Start of RECORDS TO USE

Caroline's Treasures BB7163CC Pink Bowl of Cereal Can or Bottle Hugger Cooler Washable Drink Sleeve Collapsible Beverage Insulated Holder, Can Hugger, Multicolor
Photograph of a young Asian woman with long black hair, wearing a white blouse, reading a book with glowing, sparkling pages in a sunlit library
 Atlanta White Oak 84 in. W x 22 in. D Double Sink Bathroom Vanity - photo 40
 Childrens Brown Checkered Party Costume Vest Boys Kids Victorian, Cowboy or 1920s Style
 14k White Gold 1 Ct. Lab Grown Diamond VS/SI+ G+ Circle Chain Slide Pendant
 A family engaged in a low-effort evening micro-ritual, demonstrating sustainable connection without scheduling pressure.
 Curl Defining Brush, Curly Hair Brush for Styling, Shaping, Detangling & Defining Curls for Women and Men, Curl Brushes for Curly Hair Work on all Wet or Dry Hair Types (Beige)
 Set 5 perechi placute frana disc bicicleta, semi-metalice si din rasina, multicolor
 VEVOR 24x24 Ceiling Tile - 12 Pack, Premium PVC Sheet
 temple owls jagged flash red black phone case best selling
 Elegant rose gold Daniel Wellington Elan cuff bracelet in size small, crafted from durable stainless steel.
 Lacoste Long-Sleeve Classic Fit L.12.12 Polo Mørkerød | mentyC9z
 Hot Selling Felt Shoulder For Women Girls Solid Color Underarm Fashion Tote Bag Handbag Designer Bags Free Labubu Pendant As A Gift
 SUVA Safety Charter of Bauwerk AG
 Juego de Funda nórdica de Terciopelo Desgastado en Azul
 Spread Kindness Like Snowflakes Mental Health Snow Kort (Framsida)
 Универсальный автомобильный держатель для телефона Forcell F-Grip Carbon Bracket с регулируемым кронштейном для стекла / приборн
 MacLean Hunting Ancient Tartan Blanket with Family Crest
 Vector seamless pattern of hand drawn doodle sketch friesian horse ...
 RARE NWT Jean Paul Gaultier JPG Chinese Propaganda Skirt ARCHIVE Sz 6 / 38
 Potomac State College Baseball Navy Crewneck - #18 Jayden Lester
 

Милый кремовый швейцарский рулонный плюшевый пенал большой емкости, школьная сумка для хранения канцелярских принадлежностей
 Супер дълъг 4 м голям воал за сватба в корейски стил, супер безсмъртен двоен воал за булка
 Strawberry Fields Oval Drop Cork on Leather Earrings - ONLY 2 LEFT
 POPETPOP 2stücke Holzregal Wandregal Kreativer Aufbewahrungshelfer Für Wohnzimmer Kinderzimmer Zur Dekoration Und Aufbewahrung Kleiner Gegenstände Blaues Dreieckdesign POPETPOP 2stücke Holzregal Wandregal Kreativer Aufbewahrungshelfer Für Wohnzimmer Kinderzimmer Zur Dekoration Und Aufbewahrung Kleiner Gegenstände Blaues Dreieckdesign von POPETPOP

End of RECORDS TO USE

- [WORK REQUIRED]:
Could you output every entry from the listing above without altering a word?

- [FINAL ANSWER]:
Caroline's Treasures BB7163CC Pink Bowl of Cereal Can or Bottle Hugger Cooler Washable Drink Sleeve Collapsible Beverage Insulated Holder, Can Hugger, Multicolor
Photograph of a young Asian woman with long black hair, wearing a white blouse, reading a book with glowing, sparkling pages in a sunlit library
 Atlanta White Oak 84 in. W x 22 in. D Double Sink Bathroom Vanity - photo 40
 Childrens Brown Checkered Party Costume Vest Boys Kids Victorian, Cowboy or 1920s Style
 14k White Gold 1 Ct. Lab Grown Diamond VS/SI+ G+ Circle Chain Slide Pendant
 A family engaged in a low-effort evening micro-ritual, demonstrating sustainable connection without scheduling pressure.
 Curl Defining Brush, Curly Hair Brush for Styling, Shaping, Detangling & Defining Curls for Women and Men, Curl Brushes for Curly Hair Work on all Wet or Dry Hair Types (Beige)
 Set 5 perechi placute frana disc bicicleta, semi-metalice si din rasina, multicolor
 VEVOR 24x24 Ceiling Tile - 12 Pack, Premium PVC Sheet
 temple owls jagged flash red black phone case best selling
 Elegant rose gold Daniel Wellington Elan cuff bracelet in size small, crafted from durable stainless steel.
 Lacoste Long-Sleeve Classic Fit L.12.12 Polo Mørkerød | mentyC9z
 Hot Selling Felt Shoulder For Women Girls Solid Color Underarm Fashion Tote Bag Handbag Designer Bags Free Labubu Pendant As A Gift
 SUVA Safety Charter of Bauwerk AG
 Juego de Funda nórdica de Terciopelo Desgastado en Azul
 Spread Kindness Like Snowflakes Mental Health Snow Kort (Framsida)
 Универсальный автомобильный держатель для телефона Forcell F-Grip Carbon Bracket с регулируемым кронштейном для стекла / приборн
 MacLean Hunting Ancient Tartan Blanket with Family Crest
 Vector seamless pattern of hand drawn doodle sketch friesian horse ...
 RARE NWT Jean Paul Gaultier JPG Chinese Propaganda Skirt ARCHIVE Sz 6 / 38
 Potomac State College Baseball Navy Crewneck - #18 Jayden Lester
 

Милый кремовый швейцарский рулонный плюшевый пенал большой емкости, школьная сумка для хранения канцелярских принадлежностей
 Супер дълъг 4 м голям воал за сватба в корейски стил, супер безсмъртен двоен воал за булка
 Strawberry Fields Oval Drop Cork on Leather Earrings - ONLY 2 LEFT
 POPETPOP 2stücke Holzregal Wandregal Kreativer Aufbewahrungshelfer Für Wohnzimmer Kinderzimmer Zur Dekoration Und Aufbewahrung Kleiner Gegenstände Blaues Dreieckdesign POPETPOP 2stücke Holzregal Wandregal Kreativer Aufbewahrungshelfer Für Wohnzimmer Kinderzimmer Zur Dekoration Und Aufbewahrung Kleiner Gegenstände Blaues Dreieckdesign von POPETPOP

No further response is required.